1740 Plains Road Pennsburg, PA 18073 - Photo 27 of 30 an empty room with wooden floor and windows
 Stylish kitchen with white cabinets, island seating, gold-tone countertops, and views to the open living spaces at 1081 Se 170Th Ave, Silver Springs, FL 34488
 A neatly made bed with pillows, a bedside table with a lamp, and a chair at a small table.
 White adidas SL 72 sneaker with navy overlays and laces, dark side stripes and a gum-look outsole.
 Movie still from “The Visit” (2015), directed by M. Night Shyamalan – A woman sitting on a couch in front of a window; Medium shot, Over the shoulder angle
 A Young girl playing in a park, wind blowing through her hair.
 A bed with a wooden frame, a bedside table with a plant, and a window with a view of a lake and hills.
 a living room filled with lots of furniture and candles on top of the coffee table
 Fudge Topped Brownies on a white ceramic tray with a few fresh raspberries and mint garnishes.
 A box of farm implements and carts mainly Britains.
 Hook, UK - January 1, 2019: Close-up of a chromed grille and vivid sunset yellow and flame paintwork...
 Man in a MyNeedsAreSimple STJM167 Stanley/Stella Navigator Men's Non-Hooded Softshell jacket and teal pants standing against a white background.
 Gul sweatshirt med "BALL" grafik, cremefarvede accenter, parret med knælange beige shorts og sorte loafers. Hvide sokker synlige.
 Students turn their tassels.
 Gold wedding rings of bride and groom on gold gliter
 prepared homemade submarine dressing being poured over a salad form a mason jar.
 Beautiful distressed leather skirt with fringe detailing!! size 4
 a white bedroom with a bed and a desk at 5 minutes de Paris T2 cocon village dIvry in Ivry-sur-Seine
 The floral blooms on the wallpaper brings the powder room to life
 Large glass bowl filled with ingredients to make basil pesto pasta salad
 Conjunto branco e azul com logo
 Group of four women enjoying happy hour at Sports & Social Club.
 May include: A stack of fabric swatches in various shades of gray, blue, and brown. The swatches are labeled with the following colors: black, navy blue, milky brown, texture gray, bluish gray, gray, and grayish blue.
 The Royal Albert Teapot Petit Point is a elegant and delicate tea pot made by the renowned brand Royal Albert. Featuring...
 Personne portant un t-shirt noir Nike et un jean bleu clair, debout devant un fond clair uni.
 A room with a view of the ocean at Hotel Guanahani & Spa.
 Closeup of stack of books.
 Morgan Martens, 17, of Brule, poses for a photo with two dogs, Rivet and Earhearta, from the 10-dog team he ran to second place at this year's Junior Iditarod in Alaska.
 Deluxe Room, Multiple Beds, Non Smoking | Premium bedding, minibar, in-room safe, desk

* * * *

--- Work request ---
What you give back should be exactly the lines of the data above from the line with "Large glass bowl" through the line with "Group of four", both of those included, and nothing more.

--- Written answer ---
 Large glass bowl filled with ingredients to make basil pesto pasta salad
 Conjunto branco e azul com logo
 Group of four women enjoying happy hour at Sports & Social Club.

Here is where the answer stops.